Your instructions. From the first line to the last, print the records exactly, leaving out the pictures.

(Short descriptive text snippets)
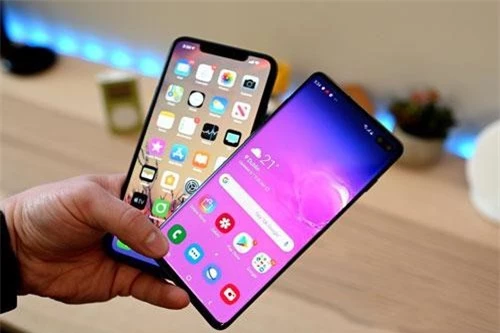 iPhone Xs Max và Samsung Galaxy S10 Plus.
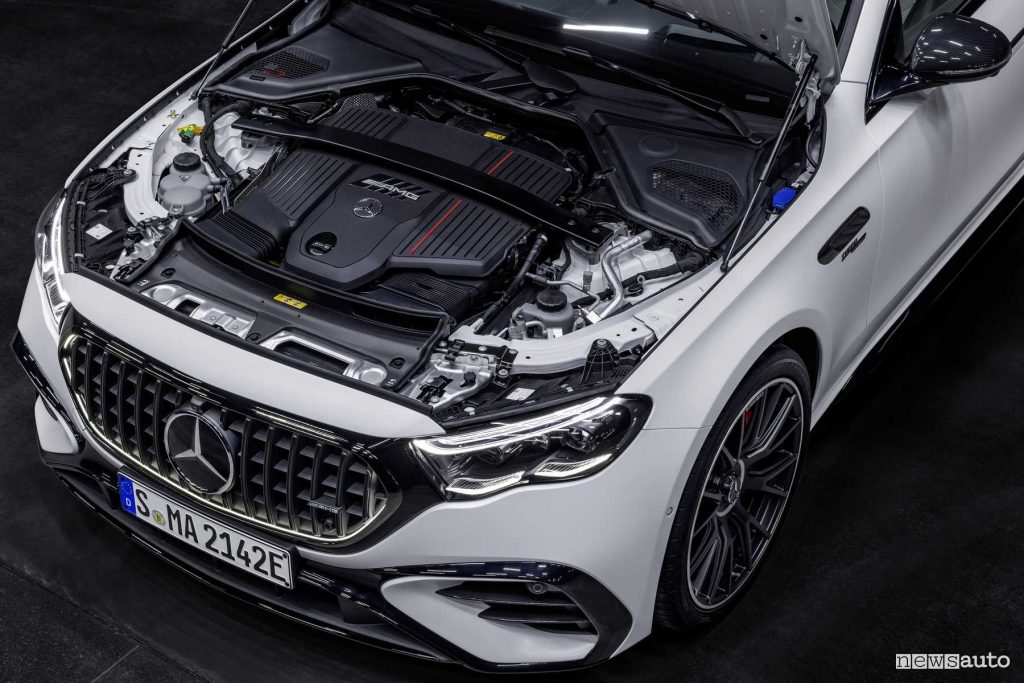 Mercedes-AMG E 53 Hybrid 4Matic+ engine compartment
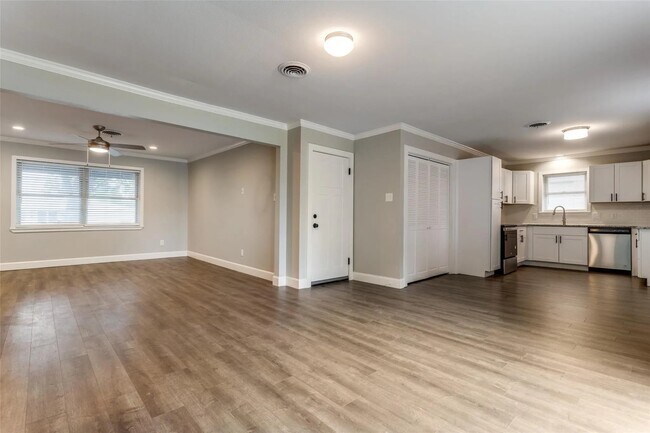 Building Photo - 4018 Western Cir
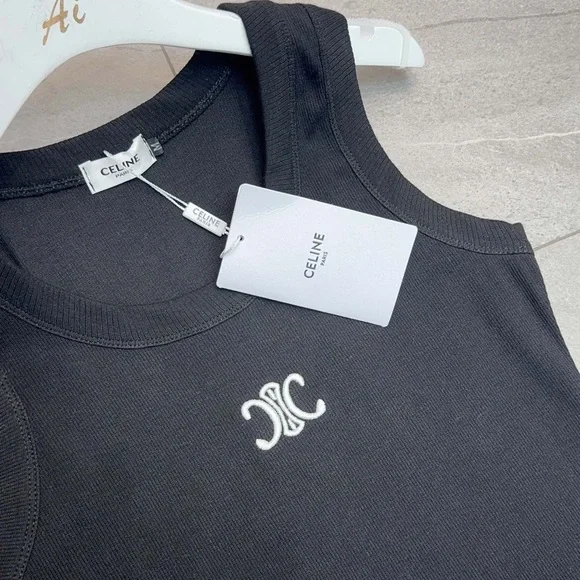 Celine vest - Picture 5 of 5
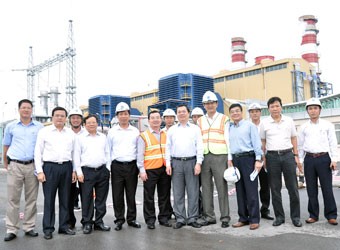 Bộ trưởng Bộ Công Thương Vũ Huy Hoàng cùng lãnh đạo Chủ đầu tư– PVPower NT2, Tư vấn, Nhà thầu PVC-Lilama tại Nhà máy điện Nhơn Trạch 2. 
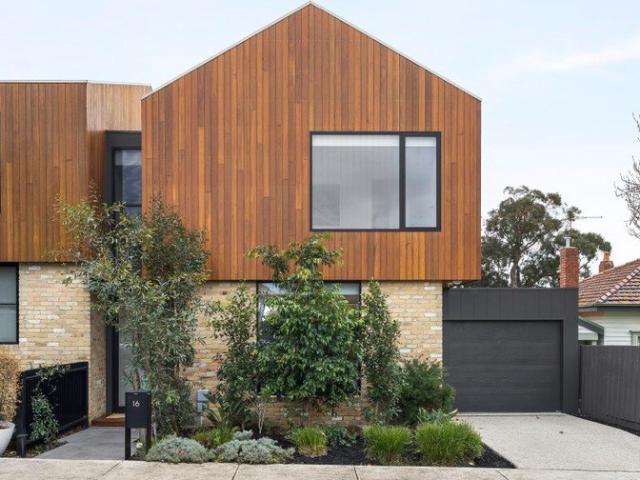 Architecturally Designed Luxury with Seamless Indoor Outdoor Living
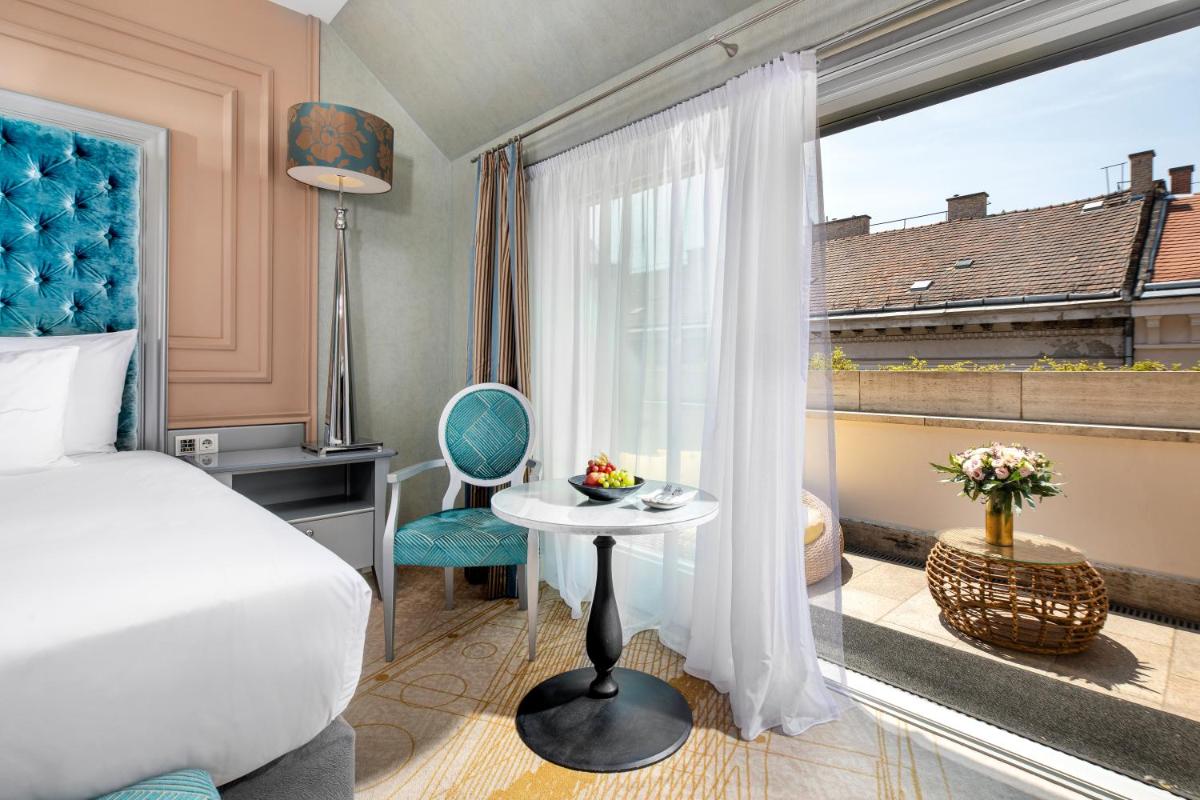 Aria Hotel Budapest by Library Hotel Collection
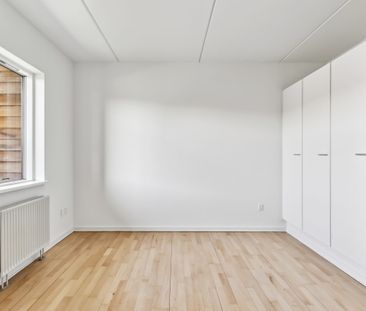 Lækkert køkken med alt i hårde hvidevarer - Photo 5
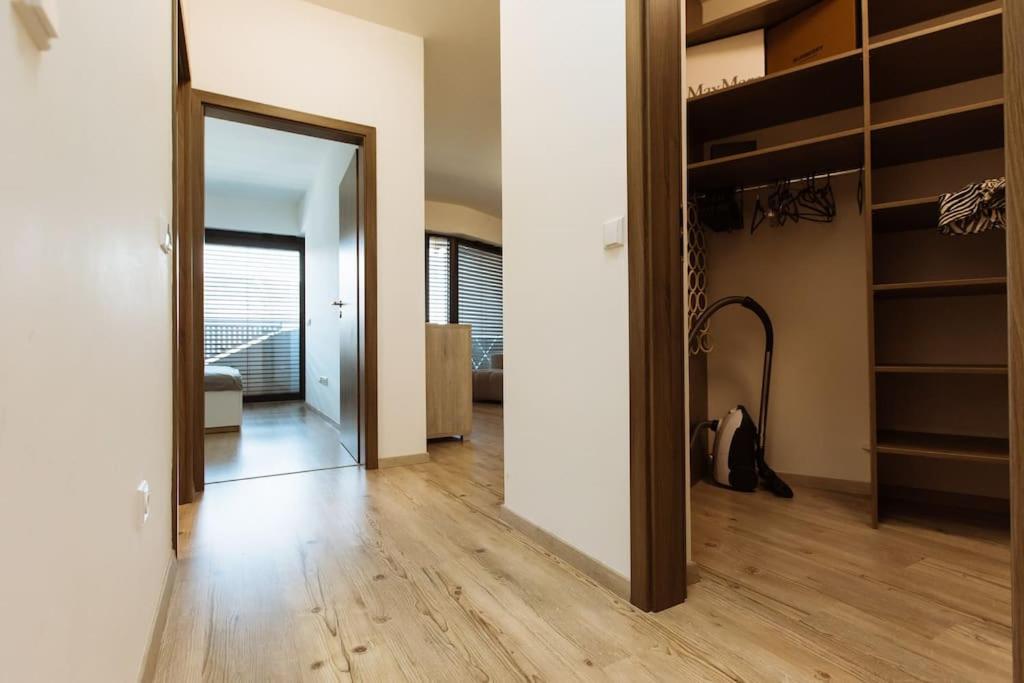 Ferienwohnung Miracle Pressburg Exterior foto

Task solution.
 iPhone Xs Max và Samsung Galaxy S10 Plus.
 Mercedes-AMG E 53 Hybrid 4Matic+ engine compartment
 Building Photo - 4018 Western Cir
 Celine vest - Picture 5 of 5
 Bộ trưởng Bộ Công Thương Vũ Huy Hoàng cùng lãnh đạo Chủ đầu tư– PVPower NT2, Tư vấn, Nhà thầu PVC-Lilama tại Nhà máy điện Nhơn Trạch 2. 
 Architecturally Designed Luxury with Seamless Indoor Outdoor Living
 Aria Hotel Budapest by Library Hotel Collection
 Lækkert køkken med alt i hårde hvidevarer - Photo 5
 Ferienwohnung Miracle Pressburg Exterior foto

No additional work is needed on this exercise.